Data Eng Weekly

Hadoop Weekly Issue #130

19 July 2015

This week's newsletter has several articles that cover the broad topic of distributed systems—not directly Hadoop but certainly good background. Articles on Spark, Kafka, Pig, and Hadoop security round out the technical articles, and there are quite a few releases. These include Spark, Atlas, and Druid. Finally, be sure to see the details below to enter a raffle for a free ticket to Hadoop World in NYC—submissions are accepted through end of day July 22nd.


Automated testing of distributed systems is starting to get some attention as the industry realizes that our current tools and tests aren't sufficient. This post looks at this problem and discusses three scenarios for testing—end-to-end, asynchronous data delivery, and node failure.

For testing the node failure scenario, the Eventuate chaos testing utilities look interesting. The introductory post describes using boot2docker (on Mac OS X) and docker to run several Cassandra nodes. After setting up custom routes on the host, a client can be tested as the tool randomly stops and starts containers, which simulates node failure in a distributed system.

To continue on the distributed systems theme, this post (and the response) contain a discussion of the CAP theorem. The article recaps some key conversations about the CA category, describes CA, discusses the overlap between CP and CA, and discusses some practical considerations related to network partitions.

The Altiscale blog has a post with some tips for working with Spark. The post covers verifying Spark job configuration, configuring log levels, and where to find logs for Spark jobs.

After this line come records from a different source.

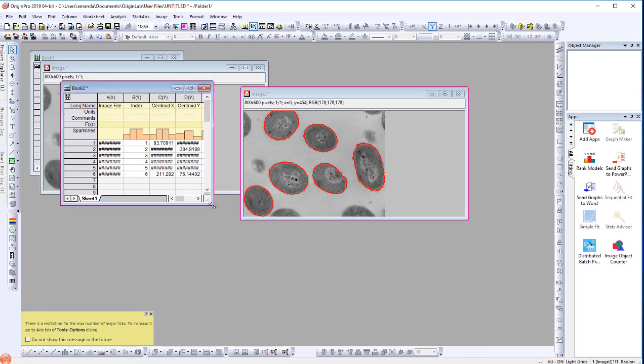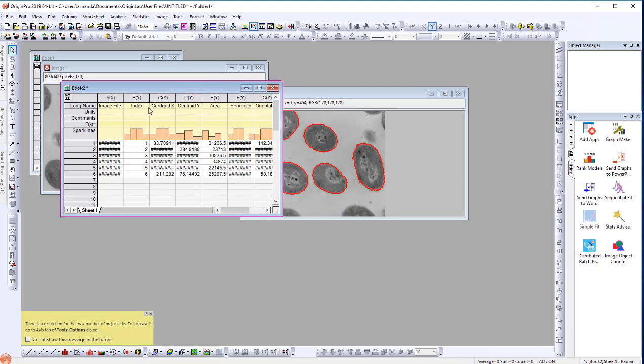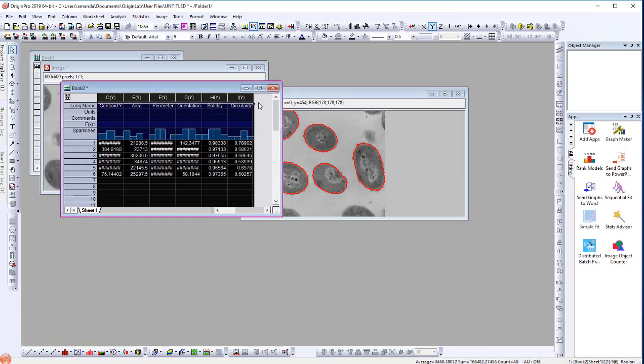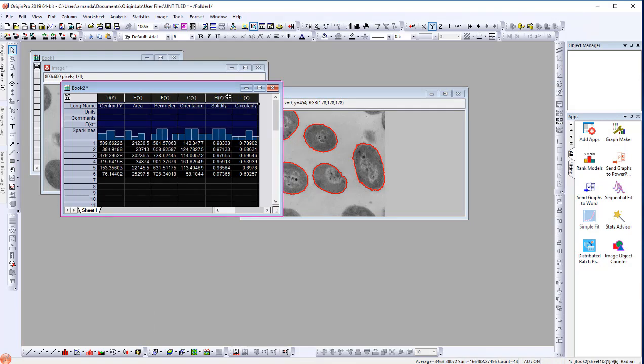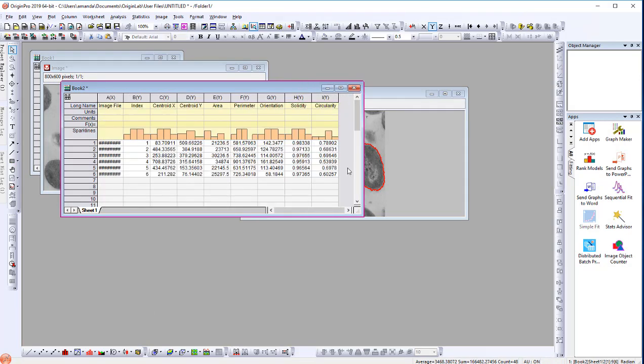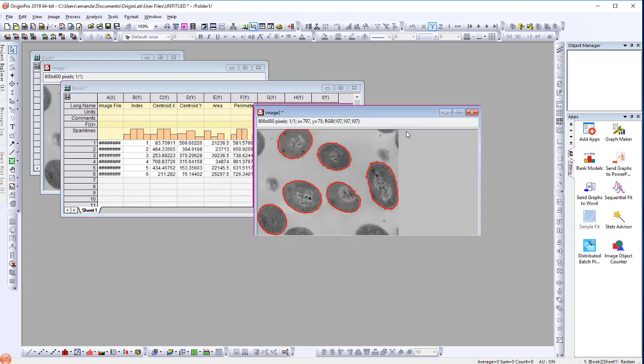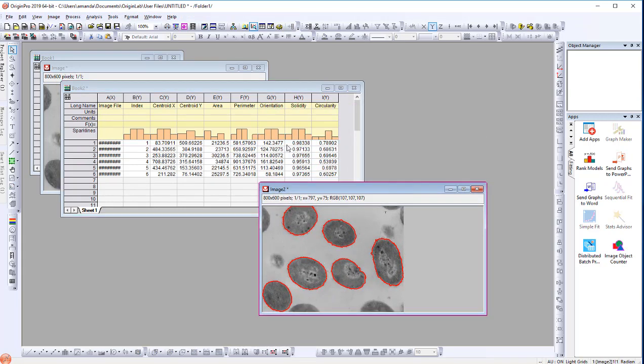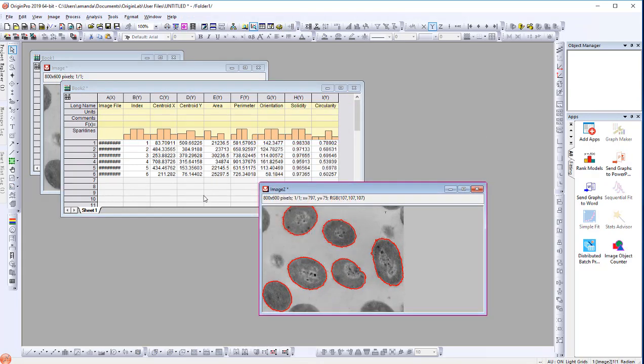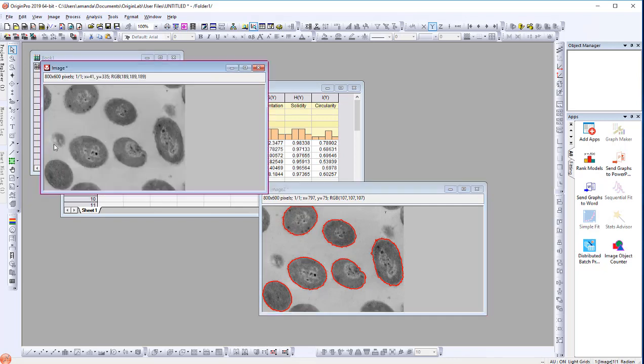For example, the Centroid X and Centroid Y, the Area, and other properties. You can as well view the image with the added red object markers.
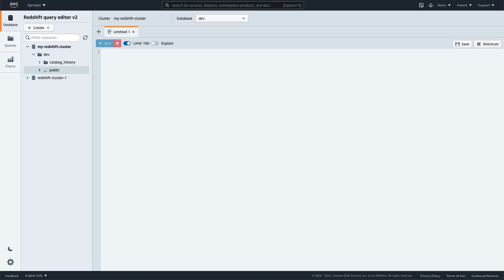In the navigation tree, you can expand a schema to see the tables, views, stored procedures and functions in the schema.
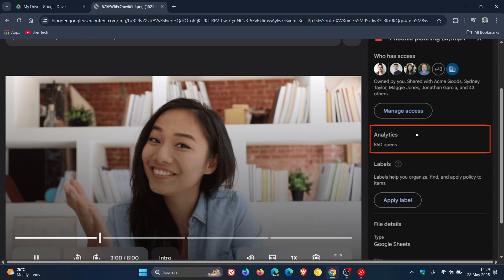And according to Google, this is a highly requested feature and will help you understand if viewers are engaging with their videos. I actually think this is a nice move in the right direction.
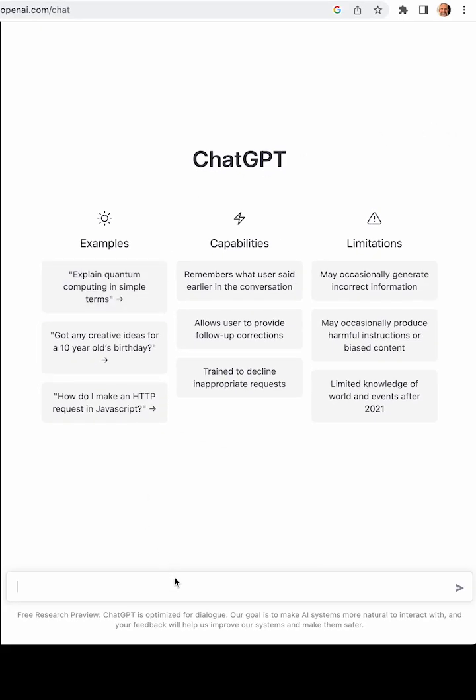There's something new out there called ChatGPT. It uses AI to answer questions, so we're going to see if it can write us an article about how to do something in a spreadsheet.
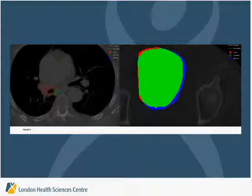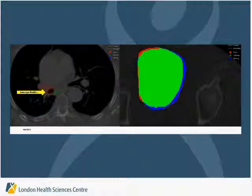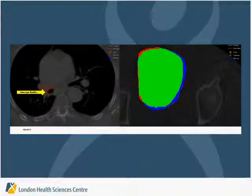Here is the example of the under-contoured bladder that the system was able to detect, and this is an example of an over-contoured nodal contour that the QA2 system picked up. Thank you.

This post accompanies slides from a recent presentation on the various mechanisms for deploying Spark. It covers the commonalities independent of deployment mechanism and the major deployment options—standalone mode, YARN, Mesos, DataStax Enterprise, and Spark in the cloud. The post also intros/plugs the Spark Job Server, which is a REST api for managing Spark jobs.

ComputerWorld has coverage on a recent research project at MIT on building a FPGA and Flash-based server network to offer an alternative to distributed applications that require all data in RAM. They've shown that their setup can store/process the same amount of data as an all-memory cluster for much cheaper.

The Databricks blog has a post on Spark 1.4's new support for window functions in SparkSQL and the DataFrames API. The article describes the basics of window functions, gives several examples, and enumerates all the supported functionality.

The Hortonworks blog has a post describing another one of Spark 1.4's new features—support for Apache ORC. The integration includes support for ORCs column pruning, predicate push-down, and partition pruning. The introductory post describes these features and gives examples of using ORC via scala and java.

Apache Mesos is a system for managing resources across a fleet of servers in a data center (with some similarities to YARN). A post on the Confluent blog describes the Kafka integration with Mesos, including some of the special considerations for running a stateful service inside of Mesos. Details include the Kafka mesos scheduler and executer, a tutorial for using the integration, and the admin REST API for the Kafka Mesos framework.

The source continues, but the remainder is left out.